The county Arborist Advisory Committee yesterday approved a letter recommending the Kaua‘i County Council enact an ordinance adding a pair of monkeypods in Old Koloa Town to the exceptional tree list.
The designation would preserve the ornamental tropical trees for their historical and cultural value. There are at least 20 “exceptional trees” islandwide protected under the ordinance, which was first adopted in December 1974.
Koloa resident Louis Abrams and John Patt, representing the Koloa Community Association, testified in favor of nominating the trees as exceptional.
At the committee’s May 12 meeting, they said the joint owners of the parcel on which the trees are situated — Honpa Hongwanji Mission and Koloa Early School — have no objections to the recommendation.
Committee Chair Gabrielle Young says in the letter to the council that “the two monkeypod trees are ideal specimens of older monkeypod trees and satisfy the exceptional tree criteria based on their location, size and aesthetic quality.”
Later in the morning meeting at the Mo‘ikeha Building, the five-member committee approved letters to the county attorney asking for the office’s help in drafting two ordinances.
One of the proposed amendments to the county code would protect any tree from damage and/or removal while it is under county review and consideration for designation as an exceptional tree.
The other would establish a real property tax exemption for owners who have an exceptional tree on their property.
Young said the rationale
behind the proposed tax break is at least three-fold. It would provide financial incentive for land owners to apply for more trees to be tagged as exceptional, it would cause them to take better care of these trees and it would send a message that the county values its status as the Garden Island.
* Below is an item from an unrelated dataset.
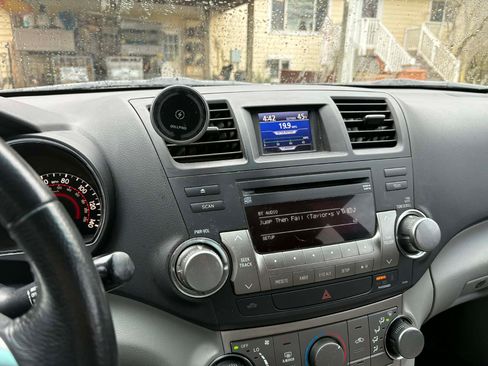 Used 2012 Toyota Highlander SE w/ Tow Pkg image 4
The committee deferred making a decision on a second petition from the Koloa Community Association concerning another monkeypod tree in town.
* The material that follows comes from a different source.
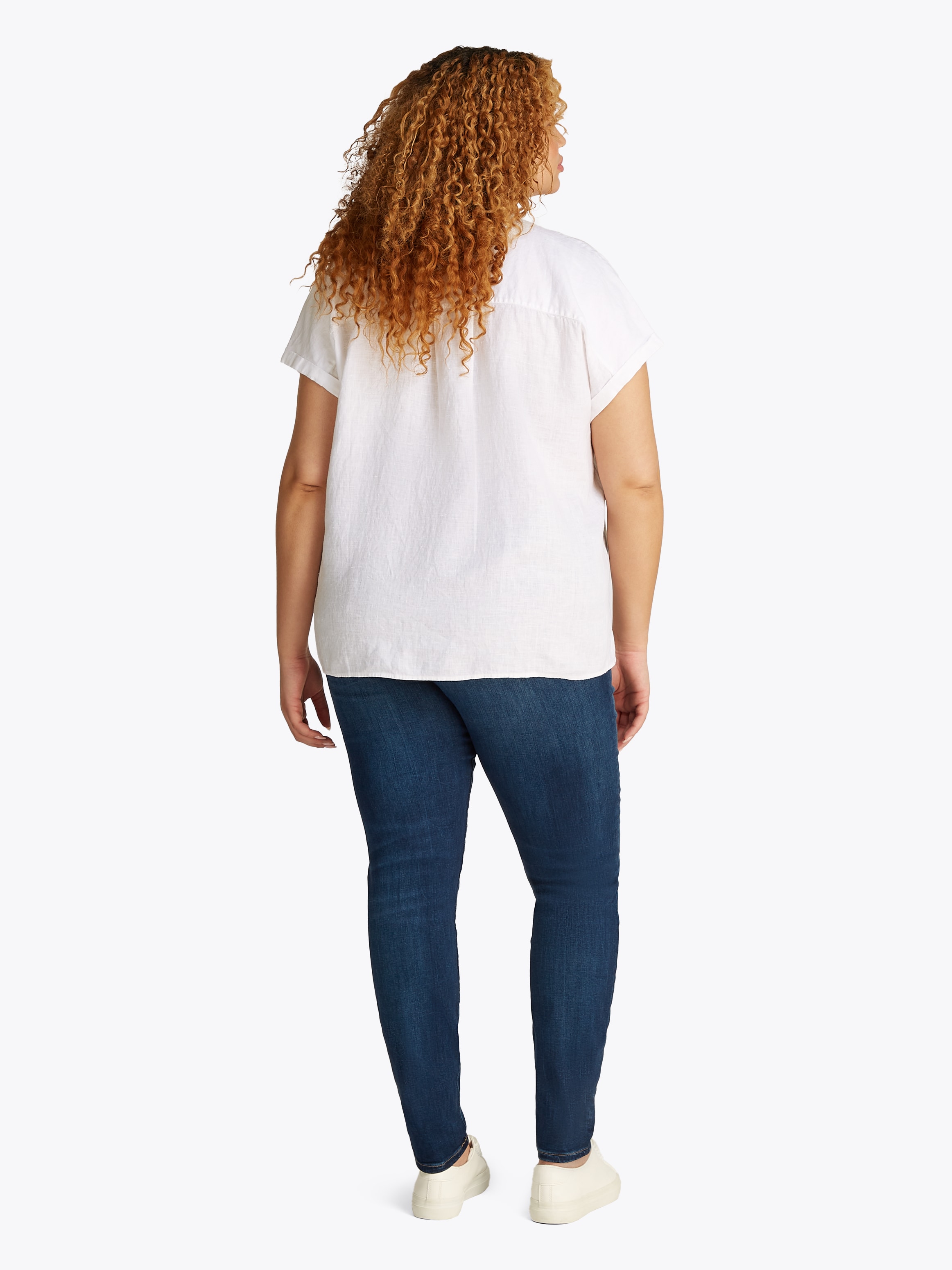 Tommy Hilfiger Curve Klassische Bluse »CRV ESS LI COLLARLESS S/S BLOUSE«, in Grossen Grössen, Leinenqualität, Logostickerei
The association has requested adding to the exceptional tree list a large monkeypod that straddles the property line of a private landowner, Grove Farm, and the site of the proposed Koloa Marketplace office and shopping complex.
Letters from attorney Gary Grimmer, who represents the developer, say the petition should be denied because Koloa Marketplace won a federal court order in September 2007 granting it the right to remove, replace or relocate the 37 monkeypod trees on its project site.
Roughly 20 percent of the tree’s trunk and some 40 percent of its canopy encroaches onto the proposed development site, owned by Knudsen Estate, according to county documents.
Abrams, who serves as president of the Koloa Community Association, said the developer’s landscape and site plans show the center of the tree to be outside the boundary of the parcel in question.
The plans show the tree’s broad canopy covering proposed parking stalls, a driveway and propane tank.
The Kaua‘i County Council passed the ordinance for the preservation of exceptional trees to protect scenic and historic resources so the island will maintain its rural character and continue to attract visitors, the ordinance states.
The committee’s next meeting is at 1:30 p.m., July 7, at a location yet to be announced.